EFSF Attracts €4.5B in Orders for New 3-Year Bonds
The euro zone’s temporary rescue fund received a decent level of demand for its inaugural three-year bond on Thursday, but the costs reflect the increasing wariness of investors concerned about the future of the rescue fund and the state of the sovereign debt crisis.
The European Financial Stability Facility attracted nearly 4.5 billion euros in orders for three-year bonds, enough to cover the 3 billion euros of notes sold, but only after offering investors a yield spread almost seven times what it paid to sell 5 billion euros of securities last January.
Demand for the EFSF’s debut 10-year bond in January 2011 was nine times what was being offered, compared to demand of just 50 percent more than was being offered for the three-year bond, and that’s after the bailout fund priced the new bond at 40 basis points over the midswap rate, a benchmark for bond pricing — a stark contrast to the six basis points over midswaps it paid for the 10-year bond a year ago.
However, today’s figure is an improvement on a bond sold last November, which after being postponed received just enough orders to cover the total amount on offer.

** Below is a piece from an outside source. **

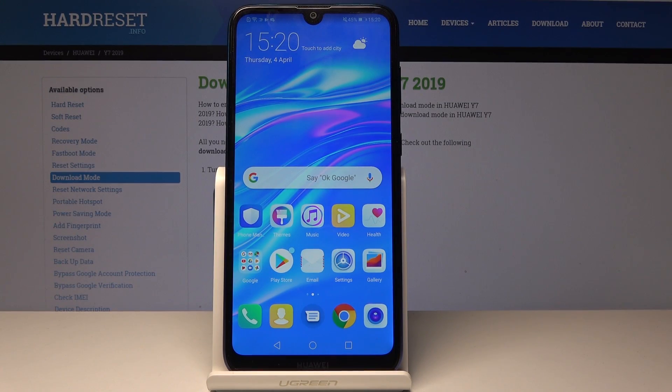Welcome. In front of me I have a Huawei Y7 2019 and I will show you how to add a fingerprint.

With a shorter maturity than any of the four bonds the EFSF sold last year, the relative success of today’s offering came as little surprise to market observers.

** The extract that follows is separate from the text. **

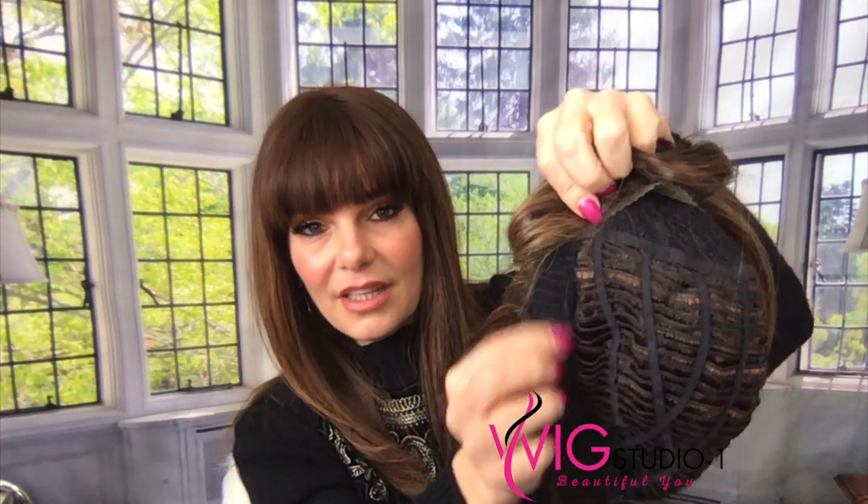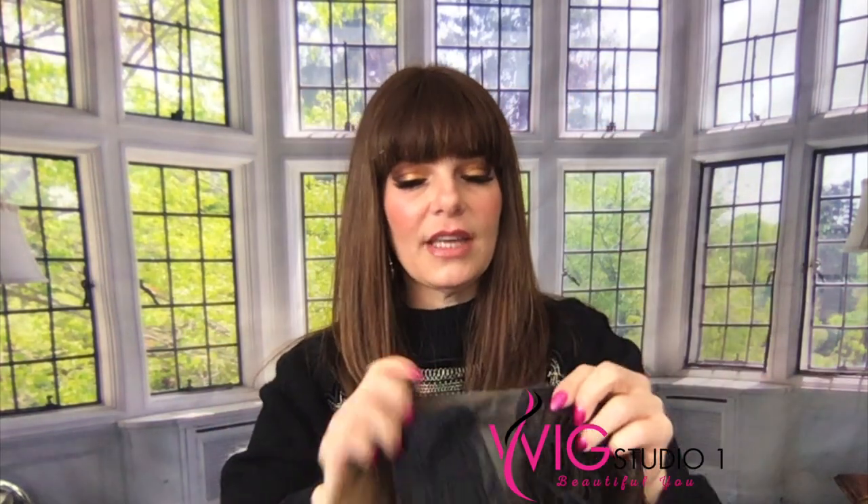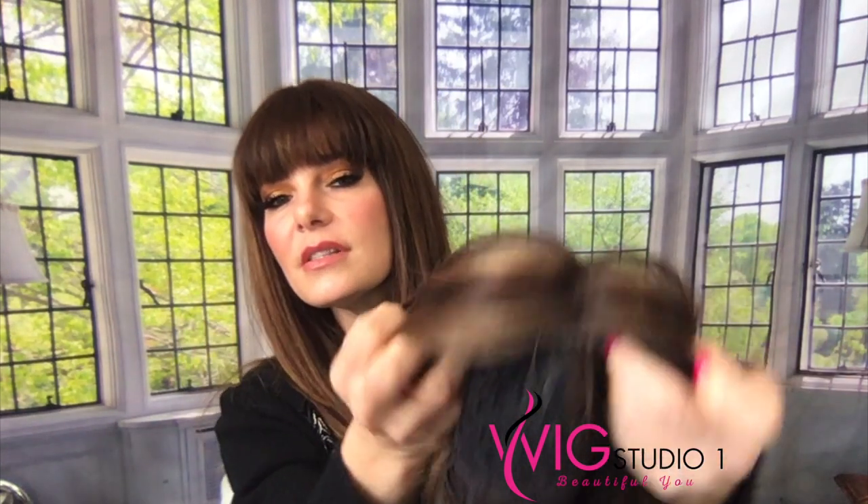Let's go over her cap. She is open-wefted, she's extremely light and airy, she has an extended nape. I wore her last night so she has tape on there, and she has velcro adjusters, which I love. She has covered ear tabs and they're very thin — I can tuck her behind my ear. She has a lace front and it's a good lace front, done really well.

Proceeds from the bond will help fund the bailouts of Portugal and Ireland, for which the EFSF must raise 24 billion euros this year. The EFSF “is funding the financing programs for Ireland and Portugal and — in the near future — for Greece,” said Michele Cortese, managing director of debt capital markets at Societe Generale. “This transaction further complements the EFSF’s strategy of diversifying its funding tools,” he added.

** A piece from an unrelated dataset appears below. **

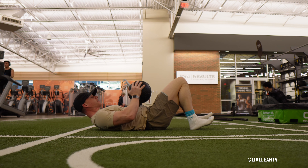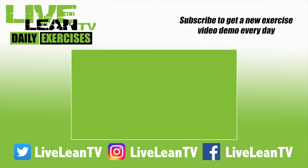Complete all the reps on one leg before switching and repeating on the other side. Subscribe to get a new exercise video every day.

Nearly half of all the debt sold today was bought by banks, thanks to the European Central Bank’s first-ever three-year refinancing operation in December, which left banks with an excess of liquidity, allowing them to invest. The EFSF’s new three-year bond perfectly complements the ECB’s three-year loans.
Still, the EFSF is faced with higher funding costs across the region, and in addition to uncertainty surrounding its role in future bailouts, two of the three major rating companies have warned that the EFSF could soon lose its coveted AAA rating.